* **Work to be completed**
Using the records below, output the stretch that opens with the line containing "Optical Frames" and closes with the line containing "کودتای نامرئی در اتاوا!", exactly and including both lines, with nothing more.

* **Supplied information**

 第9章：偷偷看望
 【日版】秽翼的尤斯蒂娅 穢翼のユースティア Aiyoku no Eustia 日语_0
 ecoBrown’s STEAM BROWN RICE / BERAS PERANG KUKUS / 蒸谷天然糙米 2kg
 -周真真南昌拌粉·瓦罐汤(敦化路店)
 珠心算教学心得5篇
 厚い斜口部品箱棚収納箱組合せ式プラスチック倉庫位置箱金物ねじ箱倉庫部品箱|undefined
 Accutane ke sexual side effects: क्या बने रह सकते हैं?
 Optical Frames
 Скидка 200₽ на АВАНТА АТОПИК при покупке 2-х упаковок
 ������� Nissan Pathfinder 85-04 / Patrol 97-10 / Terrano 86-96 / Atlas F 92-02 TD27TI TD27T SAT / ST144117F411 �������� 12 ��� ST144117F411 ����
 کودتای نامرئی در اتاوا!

---

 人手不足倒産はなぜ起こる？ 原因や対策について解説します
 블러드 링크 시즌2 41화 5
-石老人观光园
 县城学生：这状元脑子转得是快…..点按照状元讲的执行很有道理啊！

...

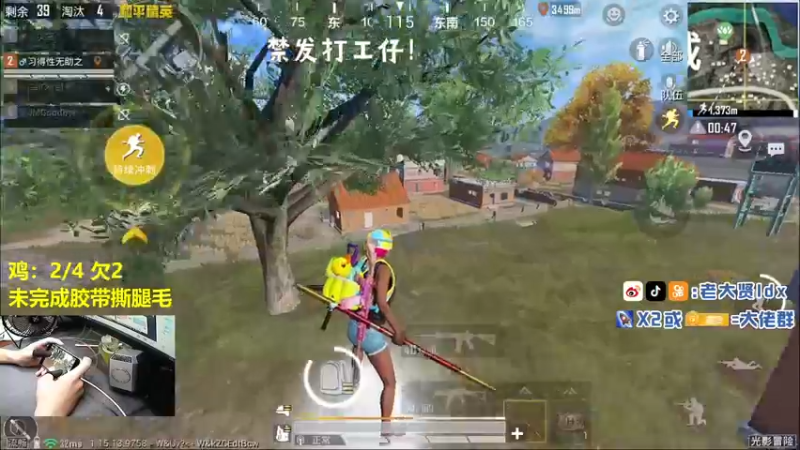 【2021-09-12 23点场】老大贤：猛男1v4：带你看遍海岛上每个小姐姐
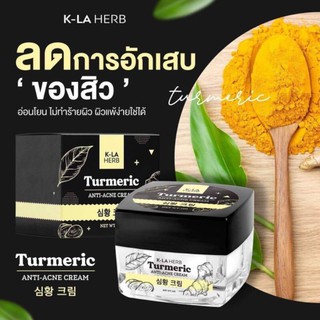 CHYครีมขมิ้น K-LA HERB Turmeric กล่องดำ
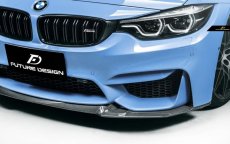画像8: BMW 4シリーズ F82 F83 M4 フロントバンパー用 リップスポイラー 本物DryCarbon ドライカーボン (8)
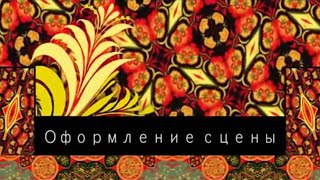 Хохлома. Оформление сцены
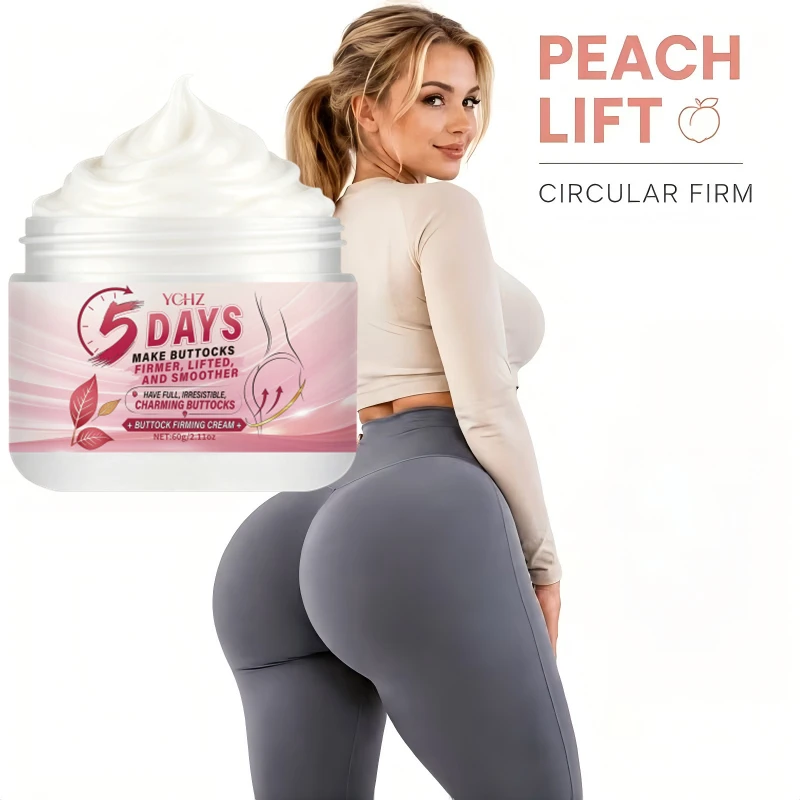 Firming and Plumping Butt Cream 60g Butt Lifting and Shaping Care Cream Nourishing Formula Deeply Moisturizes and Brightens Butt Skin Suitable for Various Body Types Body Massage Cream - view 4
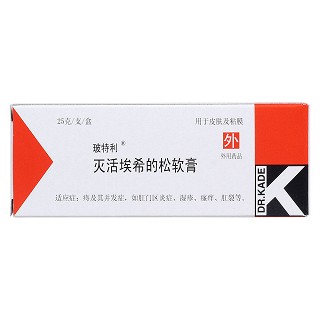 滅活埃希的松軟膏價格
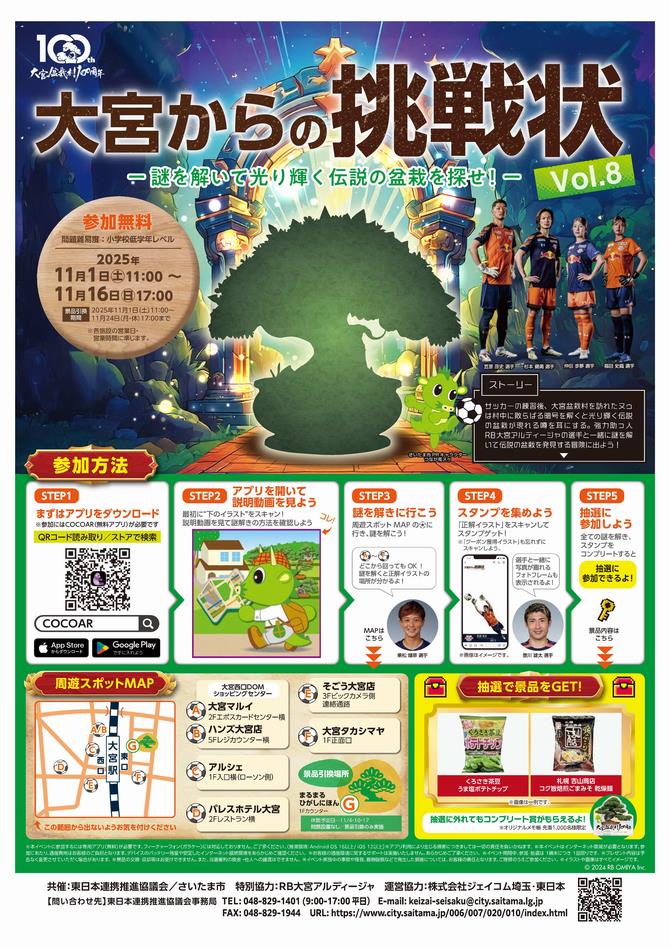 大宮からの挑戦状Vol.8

* **Answer to this task**
 Optical Frames
 Скидка 200₽ на АВАНТА АТОПИК при покупке 2-х упаковок
 ������� Nissan Pathfinder 85-04 / Patrol 97-10 / Terrano 86-96 / Atlas F 92-02 TD27TI TD27T SAT / ST144117F411 �������� 12 ��� ST144117F411 ����
 کودتای نامرئی در اتاوا!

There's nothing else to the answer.